Session Information
07 SES 08 B, Social Justice
Paper Session
Contribution
Inclusive education (IE) is high on the agenda of educational reforms worldwide. In some regions, however, IE is still understood narrowly as educating children with disabilities in mainstream schools (Ainscow 2005). Nevertheless, internationally, the term IE is increasingly seen as quality (mainstream) education for all, a reform that embraces diversity in children (UNESCO 2001).
Teachers are key to quality IE. However, as noted by Forlin (2010), pre-service teacher education can only be expected to establish basic teacher competences, laying a foundation for learning throughout teachers’ careers as the need arises.
Such a specific need arose within the Czech Republic with the acceptance for re-settlement of refugee families from Myanmar (Burma). While the Czech Republic has for some time received immigrant workers, the acceptance of refugees is a new national phenomenon. This means that schools must not only include children
whose home language is not Czech and whose prior education may be significantly different, as with immigrant children, but also children and their families who may have been traumatised, who are both culturally and linguistically isolated, without extended families or former neighbours in their new country and who did not make purposeful and informed decisions about moving to the Czech Republic, as made by economic immigrants. This calls for greater support, emotional empathy, understanding and wider cultural and linguistic knowledge from schools, teachers and teacher educators than even those with prior experience of working with immigrant children may have acquired.

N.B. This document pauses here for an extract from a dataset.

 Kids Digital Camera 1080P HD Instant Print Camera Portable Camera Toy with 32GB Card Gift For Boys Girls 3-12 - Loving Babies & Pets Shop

In 2008, the Czech Republic joined global resettlement efforts with its pilot programme for resettling 40 refugees from Myanmar. They arrived in late 2008/early 2009 from Malaysia, their interim host country. In 2010, another same-sized group of Myanmar refugees was also accepted, via Thailand and Malaysia. The children from the two groups of refugees became the focus of a two-part research study conducted in 2009 and 2010/2011.

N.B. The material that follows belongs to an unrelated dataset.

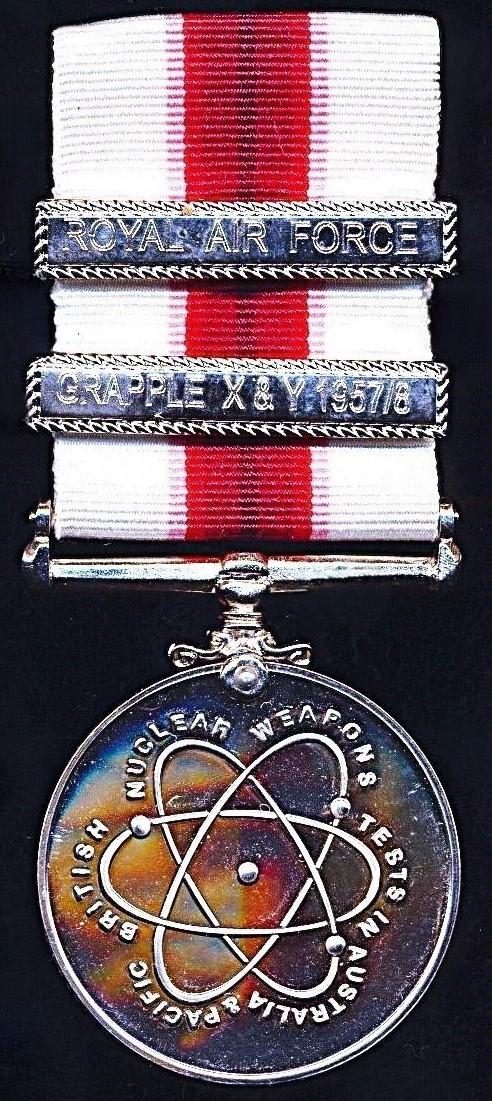 British Nuclear Weapons Tests Medal. With 2 x clasps 'Grapple X & Y 1957/8' & 'Royal Air Force' (4176357 SAC Thornhill J. 1955-59. R.A.F.)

The first part of the research conducted in 2009 investigated the educational experiences of the first resettled group (in detail described in Bačáková 2011). It found multiple examples of exclusion, misunderstanding and dissatisfaction in students, parents and school staff. The overall picture from the Part 1 data was that most schools were not inclusive and most head teachers and teachers did not fit the profile of inclusive teachers (EADSNE 2012), although there were notable exceptions. Inadequate teacher development, for IE in general and specifically in relation to refugee children, was the problem that underlay all the barriers listed. Access to CPD about both generic and refugee-related aspects of inclusion was, therefore, the most urgent requirement.
Only by addressing teacher development promptly could the negative experiences found in Part 1 of the study be avoided or reduced for the children of the second resettled group who were to enrol in mainstream schools near their new homes in spring 2011. This concern generated the initiation of a refugee-relevant CPD seminar, and the second part of the research conducted between December 2010 and June 2011.

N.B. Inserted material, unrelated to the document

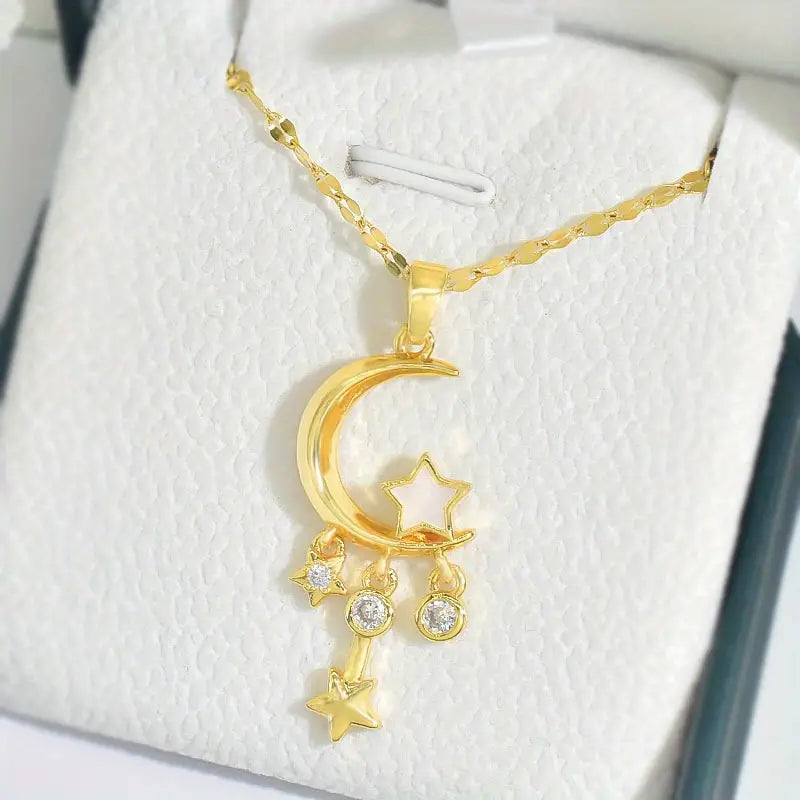 Moon And Stars Neckless Woman (Stainless Stael )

The seminar was planned to address the barriers identified in Part 1 of the study. It dealt with matters relevant to successful inclusion of all students, non-Czech students and refugee children. Five months after the seminar, Part 2 data collection in the four schools took place, aiming to map the educational experiences of the second group of refugee children, families and teachers. Deducing the actual and possible impact of the CPD Seminar on the Part 2 schools’ educational practices was planned, by comparing Part 1 with Part 2 findings.
Method
Expected Outcomes
References
Ainscow, M. 2005. “Developing Inclusive Education Systems: What are the Levers for Change?” Journal of Educational Change 6 (2): 109–124. Bačáková, M. 2011. “Developing Inclusive Educational Practices for Refugee Children in the Czech Republic.” Intercultural Education 22 (2): 163–175. EADSNE. 2012. Teacher Education for Inclusion: Profile of Inclusive Teachers. Odense: European Agency for Development in Special Needs Education. Florian, L. 2012. “Teacher Education for Inclusion: A Research Agenda for the Future.” In Future Directions for Inclusive Teacher Education: An international Perspective, edited by C. Forlin, 212–220. Abingdon: Routledge. Florian, L., and M. Bečirević. 2011. “Challenges for Teachers’ Professional Learning for Inclusive Education in Central and Eastern Europe and the Commonwealth of Independent States.” Prospects 41 (3): 371–384. Forlin, C. 2010. “Future Directions for Teacher Education for Inclusion.” In Teacher Education for Inclusion: Changing Paradigms and Innovative Approaches, edited by C. Forlin, 246–253. Abingdon: Routledge. OECD. 2010. Educating Teachers for Diversity: Meeting the Challenge. Paris: Organisation for Economic Cooperation and Development Publications. Symeonidou, S., and H. Phtiaka. 2009. “Using Teachers’ Prior Knowledge, Attitudes and Beliefs to Develop In-Service Teacher Education Course for Inclusion.” Teaching and Teacher Education 25: 543–550. UNESCO. 2001. The Open File on Inclusive Education. Paris: UNESCO.